Durant deux nuits, nous allons arpenter la ville, ses bars, ses boites, ses restaurants. Ensuite, pour prendre mon avion vers Londres, j’ai décidé de partir du centre à pied vers l’aéroport. Belle balade de 15 kms environ. Une façon de tracer une part de choix dans un gâteau urbain composé en strates. J’ai traversé les zones de l’hyper centre, celles des alentours. Les quartiers communautaires et les friches, les artères inhumaines. J’y ai découvert les bidonvilles, cerclés de bâches vertes qui empêchent les regards.

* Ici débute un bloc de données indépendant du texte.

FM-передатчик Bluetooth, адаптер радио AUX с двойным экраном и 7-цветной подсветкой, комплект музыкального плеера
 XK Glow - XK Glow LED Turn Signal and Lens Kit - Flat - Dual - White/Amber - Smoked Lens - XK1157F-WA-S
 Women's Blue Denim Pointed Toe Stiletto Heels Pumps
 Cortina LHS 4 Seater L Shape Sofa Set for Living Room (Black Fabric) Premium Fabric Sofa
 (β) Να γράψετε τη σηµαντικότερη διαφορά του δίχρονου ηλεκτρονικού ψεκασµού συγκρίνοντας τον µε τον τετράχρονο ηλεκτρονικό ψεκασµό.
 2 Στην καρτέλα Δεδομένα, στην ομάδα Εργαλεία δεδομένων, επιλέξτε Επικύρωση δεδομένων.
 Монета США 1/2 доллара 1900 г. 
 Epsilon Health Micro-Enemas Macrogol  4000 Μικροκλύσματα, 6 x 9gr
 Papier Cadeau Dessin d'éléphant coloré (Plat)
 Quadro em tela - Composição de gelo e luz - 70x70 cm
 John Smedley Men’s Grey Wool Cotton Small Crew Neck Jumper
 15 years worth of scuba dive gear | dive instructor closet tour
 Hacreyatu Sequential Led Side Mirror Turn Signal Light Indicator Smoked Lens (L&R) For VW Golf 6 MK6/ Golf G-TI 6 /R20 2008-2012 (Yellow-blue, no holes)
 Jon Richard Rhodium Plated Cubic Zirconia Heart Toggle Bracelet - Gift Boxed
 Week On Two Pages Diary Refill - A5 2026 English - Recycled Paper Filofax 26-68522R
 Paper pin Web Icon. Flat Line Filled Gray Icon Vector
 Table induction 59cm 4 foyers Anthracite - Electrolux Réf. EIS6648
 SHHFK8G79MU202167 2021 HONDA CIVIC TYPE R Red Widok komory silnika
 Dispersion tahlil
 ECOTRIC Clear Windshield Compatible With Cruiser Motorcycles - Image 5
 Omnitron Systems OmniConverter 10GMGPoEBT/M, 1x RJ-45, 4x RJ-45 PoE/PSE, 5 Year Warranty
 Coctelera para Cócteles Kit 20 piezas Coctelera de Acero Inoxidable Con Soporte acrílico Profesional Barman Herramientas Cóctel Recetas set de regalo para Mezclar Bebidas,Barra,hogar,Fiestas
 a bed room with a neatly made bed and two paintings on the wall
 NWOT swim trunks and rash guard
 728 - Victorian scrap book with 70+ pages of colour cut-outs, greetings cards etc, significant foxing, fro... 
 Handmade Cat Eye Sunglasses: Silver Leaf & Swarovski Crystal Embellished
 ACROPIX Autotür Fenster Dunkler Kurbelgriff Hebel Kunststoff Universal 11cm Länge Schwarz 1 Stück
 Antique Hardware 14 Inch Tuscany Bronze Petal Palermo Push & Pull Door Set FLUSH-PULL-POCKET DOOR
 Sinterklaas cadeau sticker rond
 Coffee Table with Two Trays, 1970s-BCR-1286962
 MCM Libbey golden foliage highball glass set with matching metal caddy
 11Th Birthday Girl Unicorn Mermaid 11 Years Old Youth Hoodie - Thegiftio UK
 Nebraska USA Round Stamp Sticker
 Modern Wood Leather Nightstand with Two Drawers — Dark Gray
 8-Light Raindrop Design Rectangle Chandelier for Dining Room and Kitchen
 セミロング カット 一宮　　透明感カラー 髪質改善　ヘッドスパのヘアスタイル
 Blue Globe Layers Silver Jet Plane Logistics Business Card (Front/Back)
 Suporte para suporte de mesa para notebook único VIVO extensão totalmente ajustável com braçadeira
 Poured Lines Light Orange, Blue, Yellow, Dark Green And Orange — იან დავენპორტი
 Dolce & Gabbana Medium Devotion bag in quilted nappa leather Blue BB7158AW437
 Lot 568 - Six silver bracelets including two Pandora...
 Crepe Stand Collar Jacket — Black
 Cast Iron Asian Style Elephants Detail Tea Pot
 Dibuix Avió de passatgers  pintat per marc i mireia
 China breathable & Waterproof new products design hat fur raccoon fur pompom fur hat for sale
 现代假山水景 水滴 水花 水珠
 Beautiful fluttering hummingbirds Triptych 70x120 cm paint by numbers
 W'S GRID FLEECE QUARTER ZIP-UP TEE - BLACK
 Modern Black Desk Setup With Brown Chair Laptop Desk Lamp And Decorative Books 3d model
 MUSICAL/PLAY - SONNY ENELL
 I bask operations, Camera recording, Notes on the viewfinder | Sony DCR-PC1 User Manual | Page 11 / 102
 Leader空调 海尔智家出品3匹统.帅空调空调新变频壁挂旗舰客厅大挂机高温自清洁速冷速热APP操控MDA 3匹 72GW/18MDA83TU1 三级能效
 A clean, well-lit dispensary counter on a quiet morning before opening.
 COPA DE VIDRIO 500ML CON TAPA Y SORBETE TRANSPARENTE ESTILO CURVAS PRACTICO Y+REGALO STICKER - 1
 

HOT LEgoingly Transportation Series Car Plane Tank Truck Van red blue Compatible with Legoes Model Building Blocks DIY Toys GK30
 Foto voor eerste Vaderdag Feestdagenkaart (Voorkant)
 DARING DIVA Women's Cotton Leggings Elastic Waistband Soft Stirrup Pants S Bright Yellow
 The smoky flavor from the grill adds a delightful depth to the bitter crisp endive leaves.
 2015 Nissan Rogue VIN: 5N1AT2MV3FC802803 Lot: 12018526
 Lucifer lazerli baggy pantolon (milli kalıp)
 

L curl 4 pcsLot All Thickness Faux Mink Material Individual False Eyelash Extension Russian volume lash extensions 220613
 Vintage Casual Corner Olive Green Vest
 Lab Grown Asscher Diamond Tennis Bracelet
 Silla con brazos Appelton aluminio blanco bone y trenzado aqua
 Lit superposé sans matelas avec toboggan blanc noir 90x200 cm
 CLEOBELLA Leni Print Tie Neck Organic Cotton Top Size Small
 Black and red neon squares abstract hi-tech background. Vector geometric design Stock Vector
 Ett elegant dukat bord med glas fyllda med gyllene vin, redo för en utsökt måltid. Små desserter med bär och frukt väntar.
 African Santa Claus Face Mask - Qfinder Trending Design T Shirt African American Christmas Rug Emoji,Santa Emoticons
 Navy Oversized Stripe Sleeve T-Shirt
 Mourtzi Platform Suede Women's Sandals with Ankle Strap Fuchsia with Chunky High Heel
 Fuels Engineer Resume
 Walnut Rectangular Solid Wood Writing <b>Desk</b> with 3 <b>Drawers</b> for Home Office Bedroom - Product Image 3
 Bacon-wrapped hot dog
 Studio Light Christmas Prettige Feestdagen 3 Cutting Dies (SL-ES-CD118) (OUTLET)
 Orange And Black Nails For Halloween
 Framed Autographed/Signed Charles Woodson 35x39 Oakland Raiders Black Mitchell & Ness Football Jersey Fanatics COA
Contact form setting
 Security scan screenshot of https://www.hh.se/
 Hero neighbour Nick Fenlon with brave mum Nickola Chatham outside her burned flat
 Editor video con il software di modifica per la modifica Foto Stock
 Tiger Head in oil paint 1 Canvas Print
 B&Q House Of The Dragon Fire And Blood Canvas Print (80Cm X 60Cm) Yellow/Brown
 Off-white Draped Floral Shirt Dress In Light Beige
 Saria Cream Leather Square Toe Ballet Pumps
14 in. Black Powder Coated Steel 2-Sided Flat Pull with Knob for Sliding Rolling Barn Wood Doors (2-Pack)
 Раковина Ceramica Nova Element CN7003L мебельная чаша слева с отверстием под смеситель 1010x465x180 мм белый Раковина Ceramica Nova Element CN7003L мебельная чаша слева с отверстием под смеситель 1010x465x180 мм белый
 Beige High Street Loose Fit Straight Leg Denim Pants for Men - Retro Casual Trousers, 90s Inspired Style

Cologne a été une surprise de taille. Je me souvenais d’une ville moyenne, plutôt bourgeoise, assez traditionnelle. Mais j’étais jeune. C’était il y a plus de trente ans. Aujourd’hui, cette ville m’a fait davantage l’effet d’être politiquement abandonnée. Pas au sens du discours, non. Au sens effectif du terme. Comme si les citoyens y étaient livrés à eux-mêmes . J’y ai ressenti fortement l’expression d’une absence de lien social. Un peu comme ce club gay dont les lumières et la sono viennent lécher les murs de la cathédrale les nuits de week-end. Un peu comme ces couples russes, engoncés dans leurs vêtements ultra-chers, descendant de leur voiture ultra-chère, qui croisent les réfugiés et les chômeurs, entre le marchepied jaune Lamborghini, rouge Ferrari, et l’hôtel de luxe. Drôle de bitume. Drôle de population. Drôle de juxtaposition.